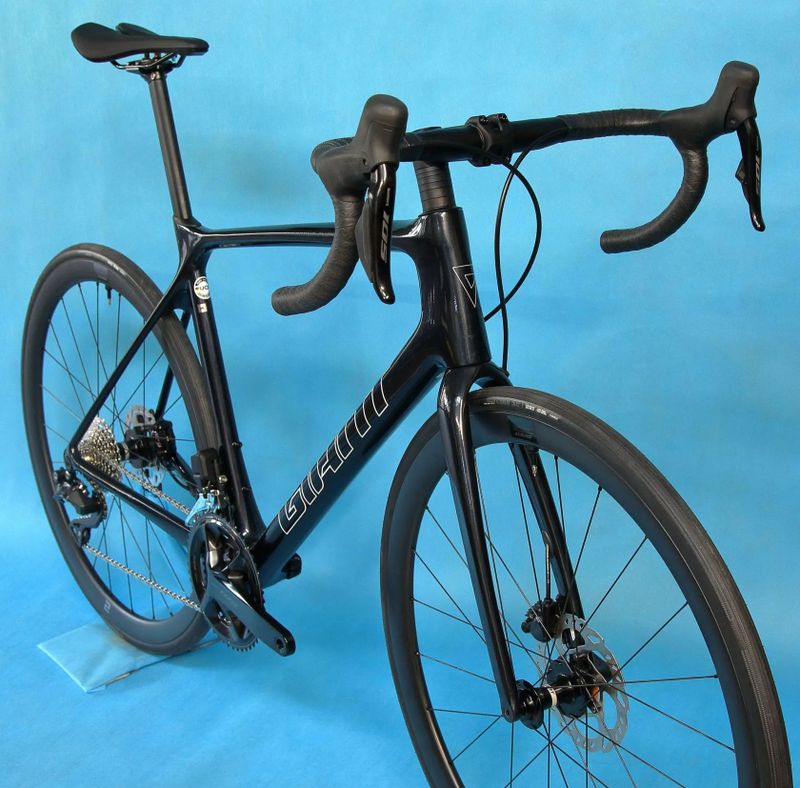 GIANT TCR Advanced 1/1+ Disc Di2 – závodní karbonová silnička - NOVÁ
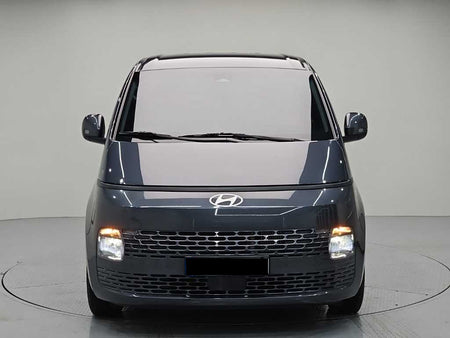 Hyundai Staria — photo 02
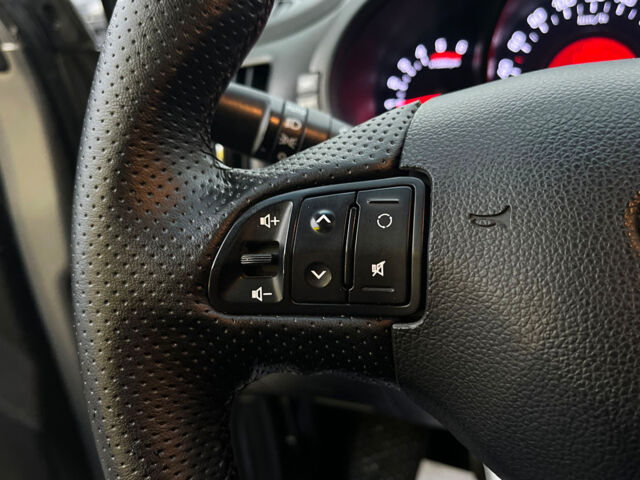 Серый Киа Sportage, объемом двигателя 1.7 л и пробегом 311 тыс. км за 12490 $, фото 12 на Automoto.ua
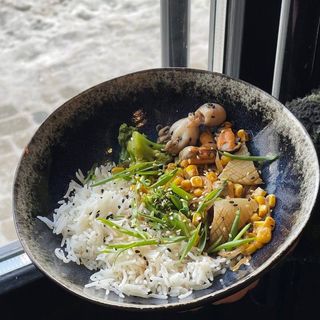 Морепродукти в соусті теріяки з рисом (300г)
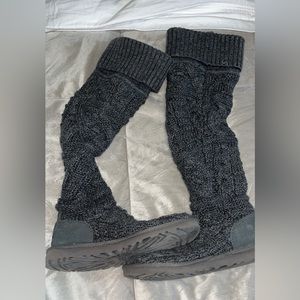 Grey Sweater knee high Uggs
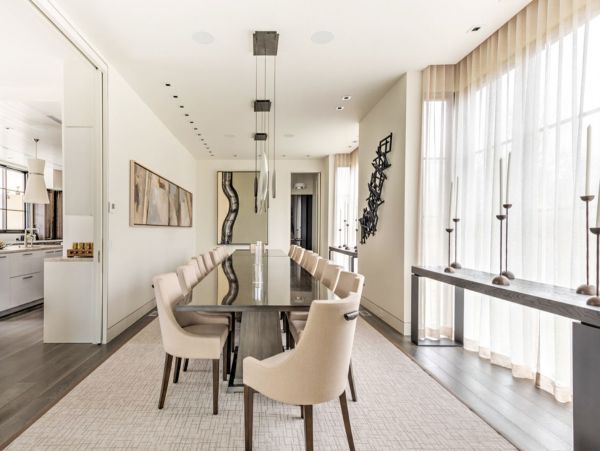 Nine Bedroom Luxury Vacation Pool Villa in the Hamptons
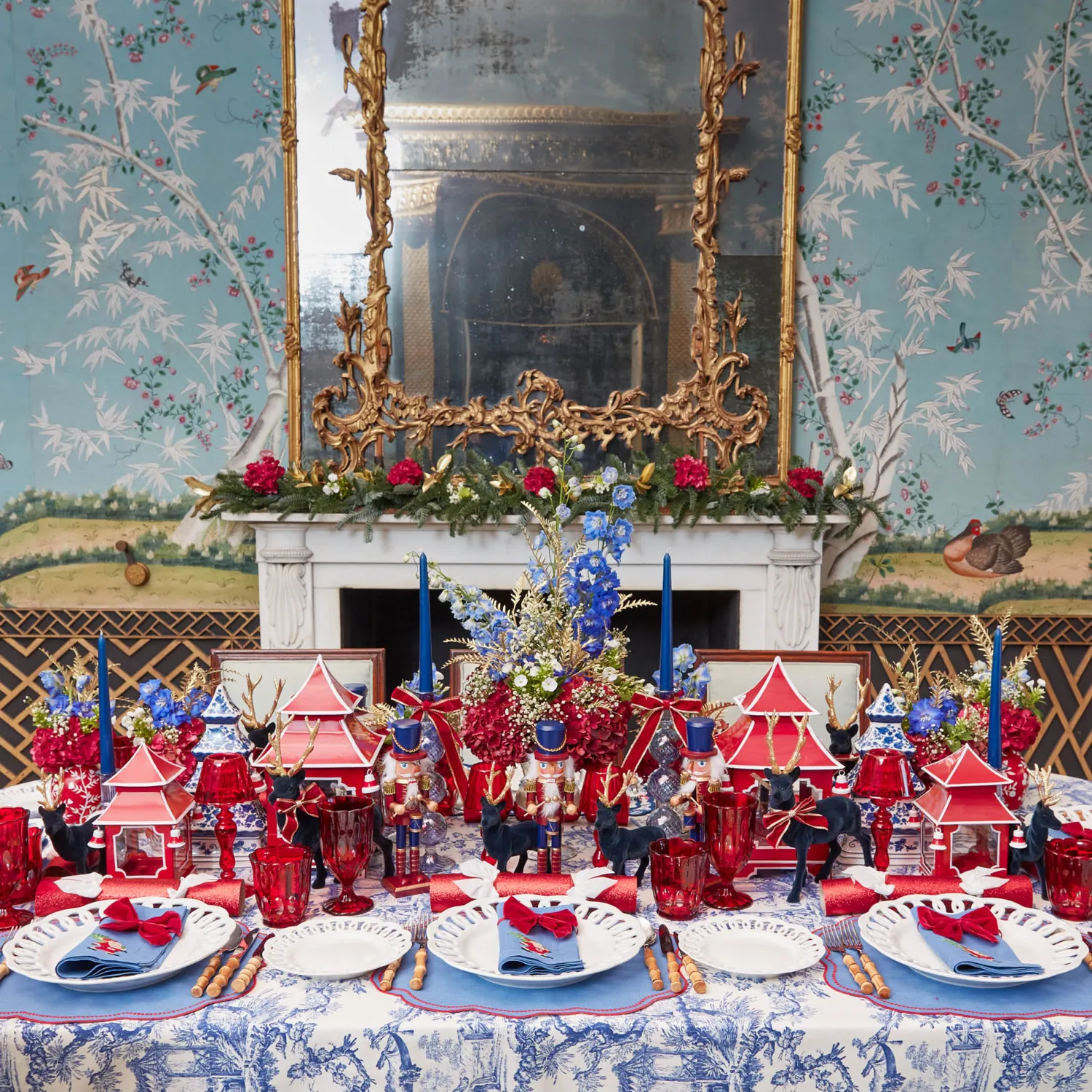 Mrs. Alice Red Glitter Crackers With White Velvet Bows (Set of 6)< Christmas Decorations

===============

> _WHAT THIS TASK INVOLVES_: From the line holding "Серый Киа Sportage, объемом" down to the final line of the entries above, print every line exactly. Pictures do not go in.

> _REPLY TO THE TASK_:
 Серый Киа Sportage, объемом двигателя 1.7 л и пробегом 311 тыс. км за 12490 $, фото 12 на Automoto.ua
 Морепродукти в соусті теріяки з рисом (300г)
 Grey Sweater knee high Uggs
 Nine Bedroom Luxury Vacation Pool Villa in the Hamptons
 Mrs. Alice Red Glitter Crackers With White Velvet Bows (Set of 6)< Christmas Decorations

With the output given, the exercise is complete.